Really do not know if the subject is the cause. After attempting to install software, after system shutdown and then restart, got windows protection error during startup. End of bootlog is below. 

Can only start in safe mode.

Have tried just about everything else and have not been able to find this addressed elsewhere.

Any ideas?

Thanks

at end of bootlog, found

Starting unknown 000F2BE9 HTREE\reserved\0
Starting unknown 000F2BE9 HTREE\reserved\0
Enumerating unknown 000F2BEF HTREE\reserved\0
Enumerating unknown 000F2BEF HTREE\reserved\0


----------



## Mosaic1 (Aug 17, 2001)

How long ago did this happen?
If less than 4 days, try a registry restore.
Restart. Hold the Ctrl Button down to bring up the Boot menu.
Choose Command prompt only.
Type scanreg /restore and press enter

Choose one of the registries from before the date this happened
EXCEPT the oldest registry.
This will replace the current registry with one from before this happened.

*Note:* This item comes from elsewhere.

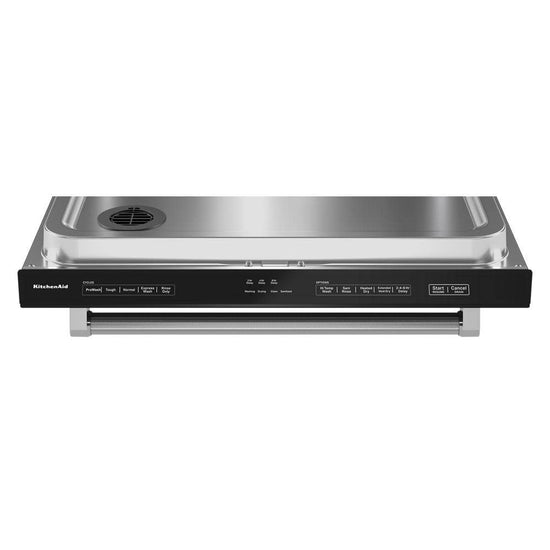 KitchenAid 24 Inch Black Top Control Dishwasher with Stainless Steel Tub - KDTE204KBL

If it is too late for that, then I have an idea about removing an entry in your registry. 
But see if this works first. And I would also need more information from you. 

What software was it?
And what is the exact word for word error message please?


----------



## Mosaic1 (Aug 17, 2001)

You might also start into Safe Mode and see if you can uninstall this Software you installed the other day. Afterwards, reboot and see if you can get into Windows. 


Another thing to try is to boot into Safe Mode. Go to Start>run and type msconfig. On the first page, Choose Selective Startup.
Take the check mark out of everything except "Load Startup Group Items.

Restart. Can you get into Windows. If so, good. Post back.

If not, start into Safe Mode again. This time do not Load Startup Group Items.

Restart into Windows. Can you get in now? If so, you need to go back and be sure to select systray and scanreg in Msconfig>Startup
After that, select a program at a time and restart. Do that until you find a problem starting. The last program you enabled will be the culprit.


----------